I always give Chris a weekly shout out here because he’s more prolific than “just” this epic tome he releases weekly on the UK property market – he comes up with some great stats on a regular basis. Drop him a like, subscribe, and all the rest of it and some kind words for his content creation. If you are in the industry and want support in growing your business or to be a more effective communicator/be more in touch with your local market – that’s his core business – give him a shout. The article gets published on the Property Industry Eye website, and the video on his YouTube channel – @christopherwatkin
- Time to Macro hard or Macro home. Inflation. You won’t have missed it, but I get into the details as always. The PMIs were out, and I was waiting as you know. The ONS private rents and house prices is a must-read. That leaves room for us to be miserable about the gilts and swaps together
Inflation – a report that deflated us all. My hopes last week that the tariff announcements and the weak dollar would have kept April’s number manageable were dashed. The month on month figure was horrendous, and the outcomes were – CPIH (which the ONS prefers, which tracks better to the US inflation rate which is currently 2.3%, by the way) – inflation including owner occupier housing costs – soared to 4.1%. Over 4 really is a “bad” number as far as bond markets see it, for example.

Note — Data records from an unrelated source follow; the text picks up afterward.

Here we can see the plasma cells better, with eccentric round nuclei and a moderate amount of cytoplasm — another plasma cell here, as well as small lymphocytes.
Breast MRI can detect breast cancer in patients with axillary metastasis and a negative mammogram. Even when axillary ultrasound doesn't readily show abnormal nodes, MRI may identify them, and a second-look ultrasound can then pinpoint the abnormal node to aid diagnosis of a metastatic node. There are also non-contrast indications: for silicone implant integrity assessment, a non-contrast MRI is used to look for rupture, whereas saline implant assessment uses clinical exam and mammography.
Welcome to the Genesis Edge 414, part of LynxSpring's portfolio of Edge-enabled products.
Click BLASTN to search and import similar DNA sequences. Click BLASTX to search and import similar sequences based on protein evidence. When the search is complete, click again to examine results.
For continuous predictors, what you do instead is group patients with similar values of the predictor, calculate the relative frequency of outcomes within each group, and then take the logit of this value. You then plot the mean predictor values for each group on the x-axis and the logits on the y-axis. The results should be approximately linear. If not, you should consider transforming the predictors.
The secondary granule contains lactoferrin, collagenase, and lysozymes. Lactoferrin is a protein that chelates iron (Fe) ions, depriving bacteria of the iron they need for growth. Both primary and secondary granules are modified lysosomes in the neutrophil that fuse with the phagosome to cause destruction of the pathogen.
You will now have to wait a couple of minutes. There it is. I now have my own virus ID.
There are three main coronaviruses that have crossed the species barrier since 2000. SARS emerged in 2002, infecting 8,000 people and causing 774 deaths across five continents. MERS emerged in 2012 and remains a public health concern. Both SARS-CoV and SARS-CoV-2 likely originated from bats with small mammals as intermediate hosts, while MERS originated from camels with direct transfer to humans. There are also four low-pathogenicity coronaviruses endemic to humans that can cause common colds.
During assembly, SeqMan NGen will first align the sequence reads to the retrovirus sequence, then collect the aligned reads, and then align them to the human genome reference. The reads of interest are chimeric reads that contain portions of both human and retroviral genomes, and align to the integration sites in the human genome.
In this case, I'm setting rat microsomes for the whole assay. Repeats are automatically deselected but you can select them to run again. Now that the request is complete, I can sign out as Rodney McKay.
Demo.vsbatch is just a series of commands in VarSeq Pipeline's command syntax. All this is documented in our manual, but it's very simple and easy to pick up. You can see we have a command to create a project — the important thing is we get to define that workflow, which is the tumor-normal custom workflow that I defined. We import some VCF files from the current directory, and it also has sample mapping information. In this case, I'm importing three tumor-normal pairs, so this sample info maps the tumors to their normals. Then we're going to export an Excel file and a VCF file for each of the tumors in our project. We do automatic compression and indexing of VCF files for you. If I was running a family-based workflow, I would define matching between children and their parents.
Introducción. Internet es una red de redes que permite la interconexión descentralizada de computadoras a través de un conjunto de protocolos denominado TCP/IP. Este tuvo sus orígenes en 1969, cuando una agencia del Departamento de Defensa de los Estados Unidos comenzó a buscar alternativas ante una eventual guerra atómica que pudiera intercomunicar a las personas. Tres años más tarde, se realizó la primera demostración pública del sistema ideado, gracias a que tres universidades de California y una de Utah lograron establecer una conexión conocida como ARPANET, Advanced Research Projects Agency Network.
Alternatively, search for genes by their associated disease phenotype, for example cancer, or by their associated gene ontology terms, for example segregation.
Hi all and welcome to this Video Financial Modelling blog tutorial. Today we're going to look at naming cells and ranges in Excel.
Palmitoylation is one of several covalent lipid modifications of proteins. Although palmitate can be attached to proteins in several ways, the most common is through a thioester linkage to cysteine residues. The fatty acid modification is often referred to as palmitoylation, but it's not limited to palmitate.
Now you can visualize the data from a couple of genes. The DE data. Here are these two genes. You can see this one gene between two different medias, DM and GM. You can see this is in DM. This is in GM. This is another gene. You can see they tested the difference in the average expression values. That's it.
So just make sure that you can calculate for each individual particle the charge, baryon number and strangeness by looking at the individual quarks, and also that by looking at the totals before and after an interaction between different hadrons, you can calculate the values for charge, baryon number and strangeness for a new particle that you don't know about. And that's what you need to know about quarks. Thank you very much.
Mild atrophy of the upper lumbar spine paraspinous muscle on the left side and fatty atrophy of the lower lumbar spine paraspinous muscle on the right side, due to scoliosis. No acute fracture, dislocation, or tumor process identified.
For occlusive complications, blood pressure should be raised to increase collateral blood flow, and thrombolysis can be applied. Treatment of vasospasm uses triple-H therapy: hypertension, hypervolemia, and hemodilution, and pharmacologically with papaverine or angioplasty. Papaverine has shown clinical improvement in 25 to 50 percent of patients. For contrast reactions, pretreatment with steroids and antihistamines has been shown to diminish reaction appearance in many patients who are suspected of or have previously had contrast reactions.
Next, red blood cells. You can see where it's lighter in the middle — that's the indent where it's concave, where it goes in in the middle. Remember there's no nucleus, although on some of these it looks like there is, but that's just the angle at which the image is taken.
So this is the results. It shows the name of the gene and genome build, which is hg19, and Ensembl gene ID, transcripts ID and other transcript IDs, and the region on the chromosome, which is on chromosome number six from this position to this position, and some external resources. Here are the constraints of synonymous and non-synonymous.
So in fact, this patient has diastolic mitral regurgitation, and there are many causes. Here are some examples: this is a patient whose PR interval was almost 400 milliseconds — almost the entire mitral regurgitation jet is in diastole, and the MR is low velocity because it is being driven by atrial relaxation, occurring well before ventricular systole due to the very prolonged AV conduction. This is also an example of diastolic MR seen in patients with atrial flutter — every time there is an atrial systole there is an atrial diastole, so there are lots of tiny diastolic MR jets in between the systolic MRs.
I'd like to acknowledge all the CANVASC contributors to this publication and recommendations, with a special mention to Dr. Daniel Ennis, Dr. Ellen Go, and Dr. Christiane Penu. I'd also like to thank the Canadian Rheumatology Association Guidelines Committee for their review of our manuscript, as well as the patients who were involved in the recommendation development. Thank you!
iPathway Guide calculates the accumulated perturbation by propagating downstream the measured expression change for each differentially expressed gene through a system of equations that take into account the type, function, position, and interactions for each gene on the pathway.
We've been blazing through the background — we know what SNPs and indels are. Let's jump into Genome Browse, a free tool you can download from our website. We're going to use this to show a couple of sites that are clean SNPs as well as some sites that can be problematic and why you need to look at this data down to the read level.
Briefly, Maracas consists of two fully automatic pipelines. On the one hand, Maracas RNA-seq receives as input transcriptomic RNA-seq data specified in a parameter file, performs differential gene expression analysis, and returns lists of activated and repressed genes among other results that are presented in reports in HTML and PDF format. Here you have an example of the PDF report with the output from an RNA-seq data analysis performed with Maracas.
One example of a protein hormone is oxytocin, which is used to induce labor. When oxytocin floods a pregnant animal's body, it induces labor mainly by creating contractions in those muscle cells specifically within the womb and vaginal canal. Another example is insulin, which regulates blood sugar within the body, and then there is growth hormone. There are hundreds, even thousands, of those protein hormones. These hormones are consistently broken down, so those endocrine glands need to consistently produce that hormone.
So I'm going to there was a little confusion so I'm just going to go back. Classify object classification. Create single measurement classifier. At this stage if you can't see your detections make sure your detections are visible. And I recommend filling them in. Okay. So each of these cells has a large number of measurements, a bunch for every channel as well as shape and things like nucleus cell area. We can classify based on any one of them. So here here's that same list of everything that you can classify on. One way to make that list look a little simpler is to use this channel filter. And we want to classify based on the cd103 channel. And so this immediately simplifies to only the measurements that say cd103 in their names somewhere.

CPIH was 1.2% month-on-month.
The headline CPI figure, which we are more used to seeing, and the number that you will have seen and heard, was up 3.5%. The consensus was 3.3%, and the Bank of England said 3.4%, so a miss on the upside (when there’s already a big jump) is never good. Again, month-on-month it was 1.2% – last April it was 0.3% month on month, and CPIH in April 2024 was 0.5% month-on-month.
What caused this? Well, everything. Housing, household services, transport, recreation and culture. Clothing did its best to keep prices down!
Core CPIH, a better measure of the underlying situation, was up to 4.5% (it was already 4.2% in March) – and CPIH annual services was up to 5.8%. These numbers, above 4, above 5, have been incredibly persistent. Core CPI, which is watched more closely, was up 3.8%, from 3.4%. CPI services were up 5.4% (having just made some progress below 5% the month before).
You could look at all sorts of other contributory factors. We know council tax was up 5% nearly everywhere. This was also “the year the water went up” – water bills just DID NOT MOVE between 2014-15 and 2022-23, creating a huge backlog and the dam has broken after pressure on the regulators. The 2023-24 move from £422 to £448 was the largest increase in about 20 years, and then we saw 6% more and then 26% more. Yes, 26%. Really, we kept them too artificially low for too long and are now paying the price, a refusal to recognise any inflation in a meaningful way for around 20 years now costs us in 2025. Sanguine, but historically accurate – and an alternative narrative to how terrible all the water companies are.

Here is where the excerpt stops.